Exercise description:
This task calls for every entry below to be repeated exactly, without the pictures.

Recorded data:
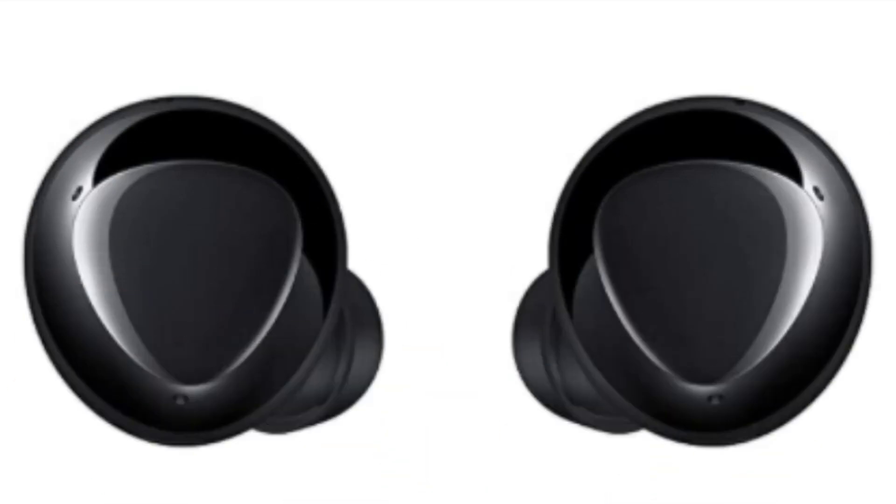It supports the wireless PowerShare feature for added convenience. With the Galaxy Buds Plus, discover truly clear sound and convenience that goes beyond your expectations. Click the link in the description below to know more details.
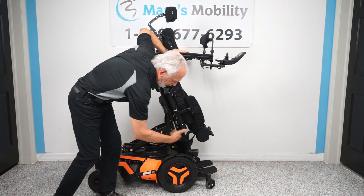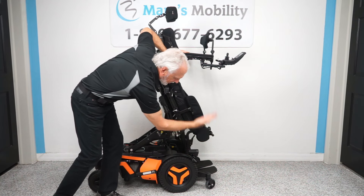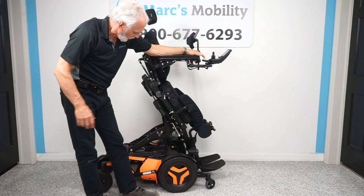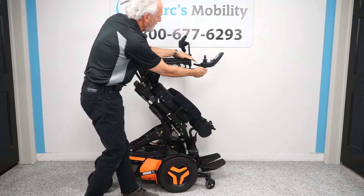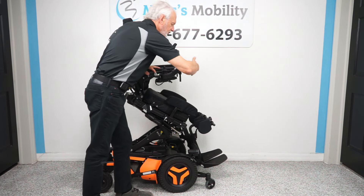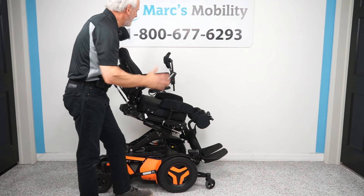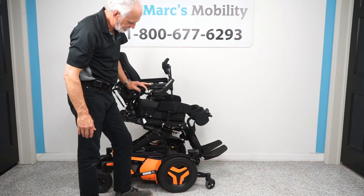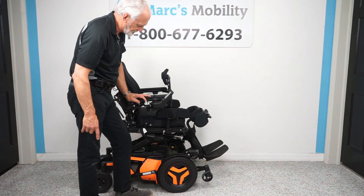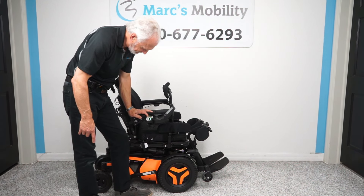This is a front-wheel drive chair, meaning your drive wheel is up front. Usually there are no wheels on the ground, but this one has the anti-tip wheel down because the seat is in the standing position — as soon as the seat goes down, that wheel comes off the ground. So we're going to bring the seat back down. Also, it has a swing-away joystick: you can take the joystick from the front, bring it to the side, and get a lot closer to a dining table. If you're left-handed, we can put the joystick on the left side.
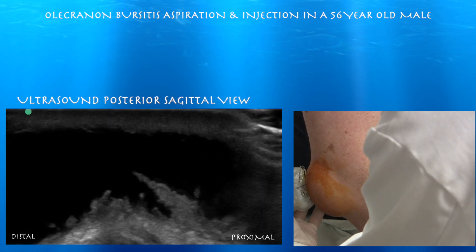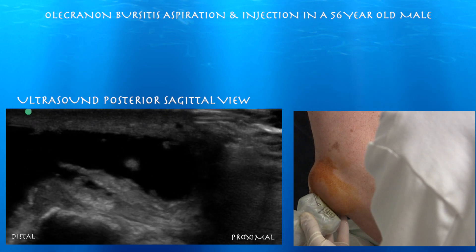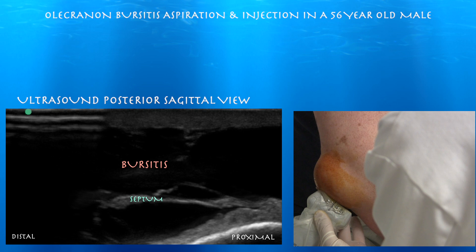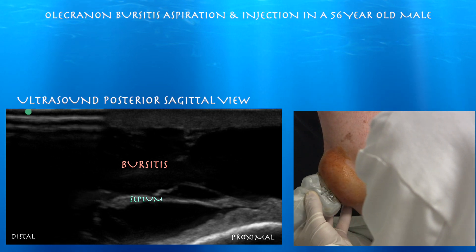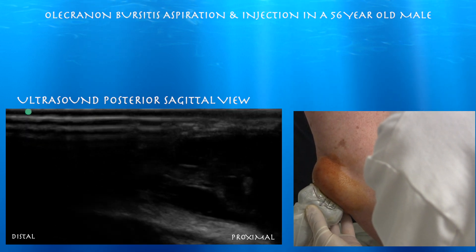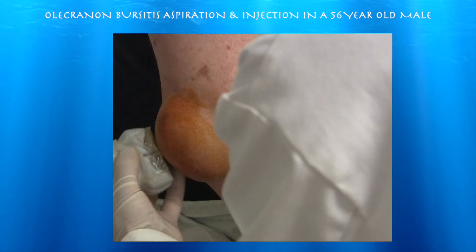Huge olecranon bursitis. Right side of the screen is proximal. You can see a little septum in here as well. Ultrasound can help you if this is really divided into different compartments — then you can kind of breach these septa. You can breach it now and then drain the whole thing.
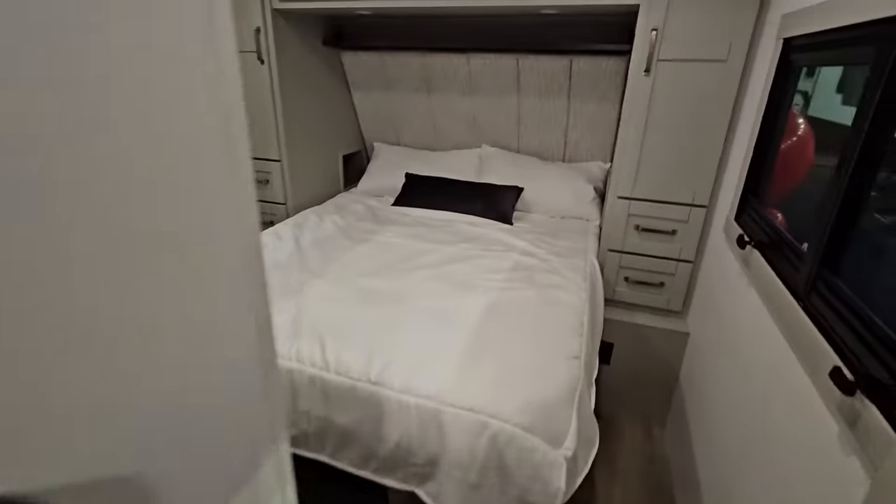I'd love to know your thoughts on this thing — leave a comment below. What do you think of my review of this first Brinkley travel trailer I've had an opportunity to get in front of? If you haven't had a chance, please take a moment, subscribe to the channel, give me a thumbs up, and we'll talk to you again very soon.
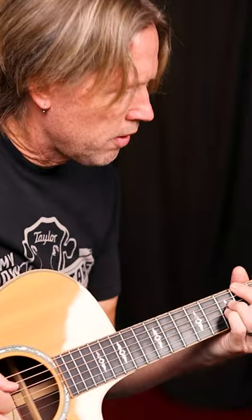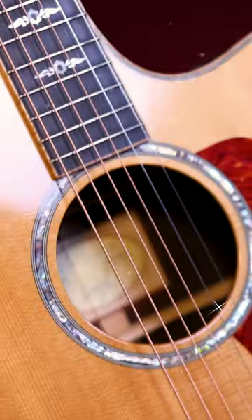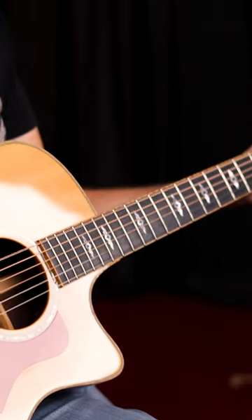When I used to teach 70 plus lessons a week, I made it a point to wash my hands between every single lesson. My strings always looked, felt, and played like new right up until the day they broke, for hours and hours of use.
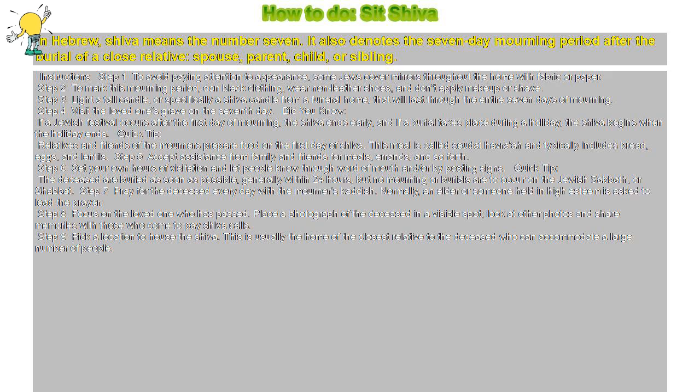Quick Tip: The deceased are buried as soon as possible, generally within 24 hours, but no mourning or burials are to occur on the Jewish Sabbath, or Shabbat.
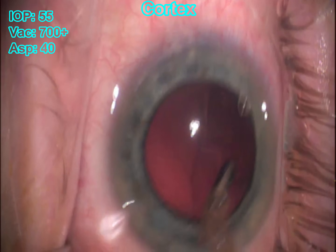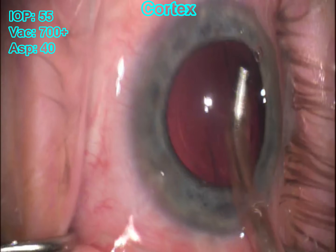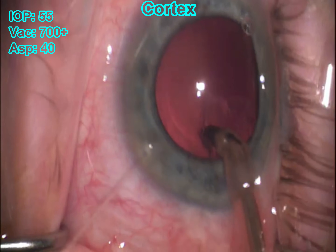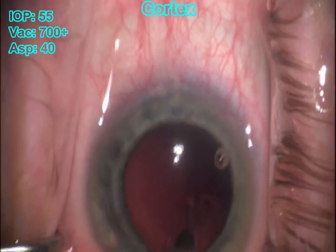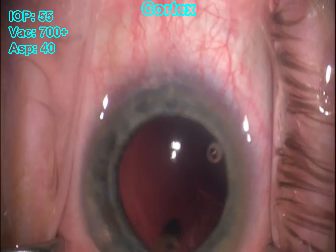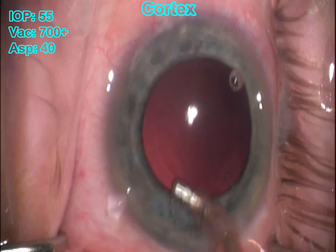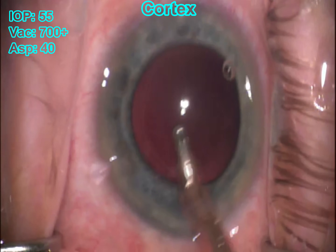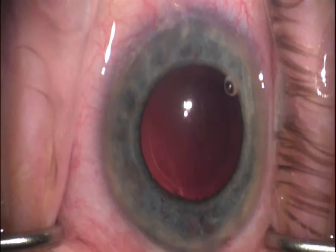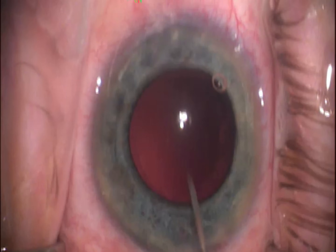Here you can see we only really have that subincisional area left over, a little bit laterally. We're cleaning it up to make sure everything looks good. That subincisional area is still sitting there — you just take your time. If it's really sticky, don't rush it. The last thing you want to do is get to this part of the case and then tear the posterior capsule. I'm just chasing that last little bit of cortex — and there it is. I preferably don't polish anything. I think polishing the posterior capsule just puts you at risk when it's not needed — that's what our YAG lasers are for. If I see a PCO, it's much easier and more controlled just to YAG that.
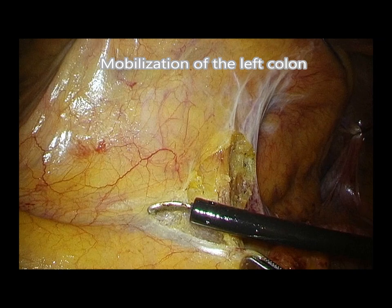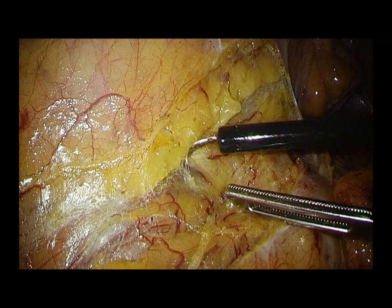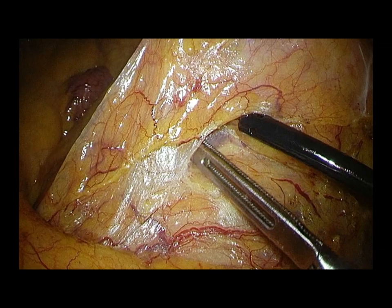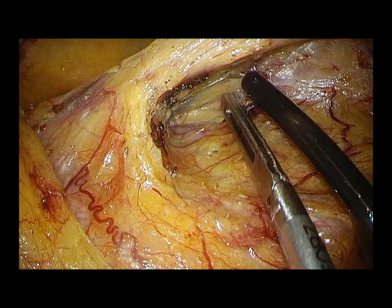The first part of the procedure is mobilization of the left colon. The layer of superior hypogastric plexus is carefully preserved. The avascular layer between the mesocolon and the retroperitoneum is precisely separated.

Reply to the exercise:
It supports the wireless PowerShare feature for added convenience. With the Galaxy Buds Plus, discover truly clear sound and convenience that goes beyond your expectations. Click the link in the description below to know more details.
This is a front-wheel drive chair, meaning your drive wheel is up front. Usually there are no wheels on the ground, but this one has the anti-tip wheel down because the seat is in the standing position — as soon as the seat goes down, that wheel comes off the ground. So we're going to bring the seat back down. Also, it has a swing-away joystick: you can take the joystick from the front, bring it to the side, and get a lot closer to a dining table. If you're left-handed, we can put the joystick on the left side.
Huge olecranon bursitis. Right side of the screen is proximal. You can see a little septum in here as well. Ultrasound can help you if this is really divided into different compartments — then you can kind of breach these septa. You can breach it now and then drain the whole thing.
I'd love to know your thoughts on this thing — leave a comment below. What do you think of my review of this first Brinkley travel trailer I've had an opportunity to get in front of? If you haven't had a chance, please take a moment, subscribe to the channel, give me a thumbs up, and we'll talk to you again very soon.
When I used to teach 70 plus lessons a week, I made it a point to wash my hands between every single lesson. My strings always looked, felt, and played like new right up until the day they broke, for hours and hours of use.
Quick Tip: The deceased are buried as soon as possible, generally within 24 hours, but no mourning or burials are to occur on the Jewish Sabbath, or Shabbat.
Here you can see we only really have that subincisional area left over, a little bit laterally. We're cleaning it up to make sure everything looks good. That subincisional area is still sitting there — you just take your time. If it's really sticky, don't rush it. The last thing you want to do is get to this part of the case and then tear the posterior capsule. I'm just chasing that last little bit of cortex — and there it is. I preferably don't polish anything. I think polishing the posterior capsule just puts you at risk when it's not needed — that's what our YAG lasers are for. If I see a PCO, it's much easier and more controlled just to YAG that.
The first part of the procedure is mobilization of the left colon. The layer of superior hypogastric plexus is carefully preserved. The avascular layer between the mesocolon and the retroperitoneum is precisely separated.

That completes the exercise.